How to complete this task >>
Take the data below and copy exactly the lines starting at the one with "Apartment 1 image 3" and finishing at the one with "Building Photo - 7152 Moon Ct", both included.

(Short text fragments from websites)
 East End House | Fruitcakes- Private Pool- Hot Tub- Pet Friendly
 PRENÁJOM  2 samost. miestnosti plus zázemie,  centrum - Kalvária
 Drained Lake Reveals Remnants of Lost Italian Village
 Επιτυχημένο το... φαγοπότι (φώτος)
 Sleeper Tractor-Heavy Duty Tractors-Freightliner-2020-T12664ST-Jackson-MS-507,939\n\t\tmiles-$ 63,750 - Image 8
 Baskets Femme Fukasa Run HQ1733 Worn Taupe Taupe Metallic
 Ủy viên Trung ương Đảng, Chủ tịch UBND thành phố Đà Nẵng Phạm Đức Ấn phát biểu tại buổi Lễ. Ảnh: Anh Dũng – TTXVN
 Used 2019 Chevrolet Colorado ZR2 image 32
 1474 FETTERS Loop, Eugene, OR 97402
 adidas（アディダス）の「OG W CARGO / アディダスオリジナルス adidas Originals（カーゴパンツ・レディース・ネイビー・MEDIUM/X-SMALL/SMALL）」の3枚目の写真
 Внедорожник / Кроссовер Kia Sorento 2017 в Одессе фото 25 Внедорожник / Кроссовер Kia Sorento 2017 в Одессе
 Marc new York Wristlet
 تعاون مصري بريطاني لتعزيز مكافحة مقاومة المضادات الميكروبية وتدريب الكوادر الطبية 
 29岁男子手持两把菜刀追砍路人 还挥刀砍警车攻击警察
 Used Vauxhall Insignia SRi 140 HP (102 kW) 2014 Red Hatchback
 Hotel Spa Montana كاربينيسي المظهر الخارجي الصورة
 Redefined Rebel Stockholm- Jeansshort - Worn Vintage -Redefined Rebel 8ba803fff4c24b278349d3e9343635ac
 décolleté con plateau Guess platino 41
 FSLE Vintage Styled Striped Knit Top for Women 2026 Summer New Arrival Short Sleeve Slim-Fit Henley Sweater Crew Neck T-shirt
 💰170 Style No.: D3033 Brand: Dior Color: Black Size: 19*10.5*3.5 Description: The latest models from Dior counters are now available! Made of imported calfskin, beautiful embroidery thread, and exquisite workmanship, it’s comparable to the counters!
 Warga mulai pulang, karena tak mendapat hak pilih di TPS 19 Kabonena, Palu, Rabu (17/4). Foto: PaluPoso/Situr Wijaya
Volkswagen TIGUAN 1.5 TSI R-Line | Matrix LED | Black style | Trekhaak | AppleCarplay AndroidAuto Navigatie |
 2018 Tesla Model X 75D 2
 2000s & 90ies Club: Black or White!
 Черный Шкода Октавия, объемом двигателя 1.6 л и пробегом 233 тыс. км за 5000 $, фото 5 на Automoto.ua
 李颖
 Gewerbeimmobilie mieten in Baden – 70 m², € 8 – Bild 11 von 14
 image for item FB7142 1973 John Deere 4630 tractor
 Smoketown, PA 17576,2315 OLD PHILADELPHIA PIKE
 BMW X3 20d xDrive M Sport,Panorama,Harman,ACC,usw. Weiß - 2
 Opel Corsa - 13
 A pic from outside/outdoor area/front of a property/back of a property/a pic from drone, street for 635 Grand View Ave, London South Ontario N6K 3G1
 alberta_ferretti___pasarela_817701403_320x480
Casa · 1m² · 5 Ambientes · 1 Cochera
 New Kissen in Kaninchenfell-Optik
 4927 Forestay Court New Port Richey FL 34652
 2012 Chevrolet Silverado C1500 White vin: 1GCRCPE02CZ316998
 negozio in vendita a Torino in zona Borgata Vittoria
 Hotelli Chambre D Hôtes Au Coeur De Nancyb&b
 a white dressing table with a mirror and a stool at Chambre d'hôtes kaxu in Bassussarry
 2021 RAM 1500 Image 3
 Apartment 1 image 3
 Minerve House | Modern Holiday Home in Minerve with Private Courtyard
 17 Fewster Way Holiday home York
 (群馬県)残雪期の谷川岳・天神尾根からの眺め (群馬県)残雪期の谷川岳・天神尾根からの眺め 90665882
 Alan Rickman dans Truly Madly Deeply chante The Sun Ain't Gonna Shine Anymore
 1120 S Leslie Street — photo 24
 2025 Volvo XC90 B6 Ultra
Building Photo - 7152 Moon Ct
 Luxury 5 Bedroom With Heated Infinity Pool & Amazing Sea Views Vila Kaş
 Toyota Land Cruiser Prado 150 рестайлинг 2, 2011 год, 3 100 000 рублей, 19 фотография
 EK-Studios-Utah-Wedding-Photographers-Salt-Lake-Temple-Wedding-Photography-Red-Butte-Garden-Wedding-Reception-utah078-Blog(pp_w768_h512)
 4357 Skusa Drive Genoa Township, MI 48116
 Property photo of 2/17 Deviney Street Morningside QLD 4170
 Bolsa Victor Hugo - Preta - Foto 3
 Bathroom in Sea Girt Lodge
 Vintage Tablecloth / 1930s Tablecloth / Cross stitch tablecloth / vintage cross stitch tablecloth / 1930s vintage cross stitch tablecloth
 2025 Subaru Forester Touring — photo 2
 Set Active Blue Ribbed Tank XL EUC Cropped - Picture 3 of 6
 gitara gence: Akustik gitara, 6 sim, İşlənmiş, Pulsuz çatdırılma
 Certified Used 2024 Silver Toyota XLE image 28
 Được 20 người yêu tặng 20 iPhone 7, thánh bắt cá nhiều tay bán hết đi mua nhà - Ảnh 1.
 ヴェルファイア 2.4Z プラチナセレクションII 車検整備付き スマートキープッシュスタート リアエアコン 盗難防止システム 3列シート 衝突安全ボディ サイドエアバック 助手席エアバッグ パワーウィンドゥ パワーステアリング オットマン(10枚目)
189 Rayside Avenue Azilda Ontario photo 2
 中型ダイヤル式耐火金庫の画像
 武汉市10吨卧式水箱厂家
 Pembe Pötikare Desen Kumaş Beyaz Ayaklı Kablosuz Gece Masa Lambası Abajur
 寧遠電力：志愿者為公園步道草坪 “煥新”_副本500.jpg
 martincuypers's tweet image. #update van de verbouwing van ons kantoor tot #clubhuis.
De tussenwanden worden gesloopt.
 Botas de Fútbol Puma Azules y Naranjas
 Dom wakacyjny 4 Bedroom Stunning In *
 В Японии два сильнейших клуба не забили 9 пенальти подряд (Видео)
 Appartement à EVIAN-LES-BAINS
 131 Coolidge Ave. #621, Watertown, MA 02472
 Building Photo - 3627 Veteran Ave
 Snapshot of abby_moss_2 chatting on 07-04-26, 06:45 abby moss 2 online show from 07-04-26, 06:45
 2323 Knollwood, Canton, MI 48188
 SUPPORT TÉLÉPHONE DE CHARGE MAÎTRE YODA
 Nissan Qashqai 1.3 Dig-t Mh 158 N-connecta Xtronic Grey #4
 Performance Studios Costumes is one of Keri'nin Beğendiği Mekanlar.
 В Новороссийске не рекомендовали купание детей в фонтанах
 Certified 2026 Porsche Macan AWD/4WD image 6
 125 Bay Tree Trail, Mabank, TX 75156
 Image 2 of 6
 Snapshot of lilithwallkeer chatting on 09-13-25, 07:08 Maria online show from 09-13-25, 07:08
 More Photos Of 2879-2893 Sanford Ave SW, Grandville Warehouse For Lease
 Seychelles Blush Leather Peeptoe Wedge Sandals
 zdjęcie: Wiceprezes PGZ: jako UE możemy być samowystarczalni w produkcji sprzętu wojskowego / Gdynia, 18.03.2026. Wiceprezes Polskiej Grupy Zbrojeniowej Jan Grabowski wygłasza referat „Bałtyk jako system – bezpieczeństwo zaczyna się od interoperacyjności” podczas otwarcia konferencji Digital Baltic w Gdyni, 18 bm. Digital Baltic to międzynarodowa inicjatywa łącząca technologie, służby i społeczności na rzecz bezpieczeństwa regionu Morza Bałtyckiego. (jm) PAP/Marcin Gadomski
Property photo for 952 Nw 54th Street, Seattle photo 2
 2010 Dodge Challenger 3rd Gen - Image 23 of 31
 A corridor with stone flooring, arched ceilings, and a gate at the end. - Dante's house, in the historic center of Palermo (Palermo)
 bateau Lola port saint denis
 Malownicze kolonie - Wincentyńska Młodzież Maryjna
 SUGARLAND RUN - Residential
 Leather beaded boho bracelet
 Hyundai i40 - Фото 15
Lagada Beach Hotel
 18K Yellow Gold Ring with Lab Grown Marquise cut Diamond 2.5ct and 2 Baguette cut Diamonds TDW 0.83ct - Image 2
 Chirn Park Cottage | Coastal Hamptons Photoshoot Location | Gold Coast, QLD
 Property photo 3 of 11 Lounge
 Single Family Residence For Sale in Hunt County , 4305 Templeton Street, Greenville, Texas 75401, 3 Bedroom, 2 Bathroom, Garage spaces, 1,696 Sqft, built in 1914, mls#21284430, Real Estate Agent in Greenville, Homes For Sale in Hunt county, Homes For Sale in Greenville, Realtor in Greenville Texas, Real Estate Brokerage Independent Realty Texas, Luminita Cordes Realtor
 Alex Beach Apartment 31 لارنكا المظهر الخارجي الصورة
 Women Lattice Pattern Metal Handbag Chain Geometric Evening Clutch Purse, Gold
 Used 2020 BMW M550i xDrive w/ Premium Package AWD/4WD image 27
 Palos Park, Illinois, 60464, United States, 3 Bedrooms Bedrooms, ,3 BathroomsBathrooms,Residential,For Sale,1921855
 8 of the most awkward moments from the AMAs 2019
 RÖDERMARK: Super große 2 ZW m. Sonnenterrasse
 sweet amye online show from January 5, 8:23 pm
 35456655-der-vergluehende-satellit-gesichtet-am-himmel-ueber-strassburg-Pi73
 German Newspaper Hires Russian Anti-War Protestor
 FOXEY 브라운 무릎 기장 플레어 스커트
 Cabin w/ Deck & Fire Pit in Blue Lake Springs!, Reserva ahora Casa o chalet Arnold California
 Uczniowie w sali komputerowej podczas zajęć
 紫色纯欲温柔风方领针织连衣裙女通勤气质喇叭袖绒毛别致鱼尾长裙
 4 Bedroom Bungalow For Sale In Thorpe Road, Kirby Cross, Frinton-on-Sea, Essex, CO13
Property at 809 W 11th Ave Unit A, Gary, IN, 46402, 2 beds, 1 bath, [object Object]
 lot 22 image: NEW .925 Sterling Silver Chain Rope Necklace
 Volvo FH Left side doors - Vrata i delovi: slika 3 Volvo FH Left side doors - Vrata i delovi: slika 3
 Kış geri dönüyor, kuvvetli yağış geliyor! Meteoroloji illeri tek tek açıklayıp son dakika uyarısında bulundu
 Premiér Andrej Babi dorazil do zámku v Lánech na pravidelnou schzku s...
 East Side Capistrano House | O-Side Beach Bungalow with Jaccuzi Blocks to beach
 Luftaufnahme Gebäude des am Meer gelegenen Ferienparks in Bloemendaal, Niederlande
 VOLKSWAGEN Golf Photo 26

Result for this task >>
 Apartment 1 image 3
 Minerve House | Modern Holiday Home in Minerve with Private Courtyard
 17 Fewster Way Holiday home York
 (群馬県)残雪期の谷川岳・天神尾根からの眺め (群馬県)残雪期の谷川岳・天神尾根からの眺め 90665882
 Alan Rickman dans Truly Madly Deeply chante The Sun Ain't Gonna Shine Anymore
 1120 S Leslie Street — photo 24
 2025 Volvo XC90 B6 Ultra
Building Photo - 7152 Moon Ct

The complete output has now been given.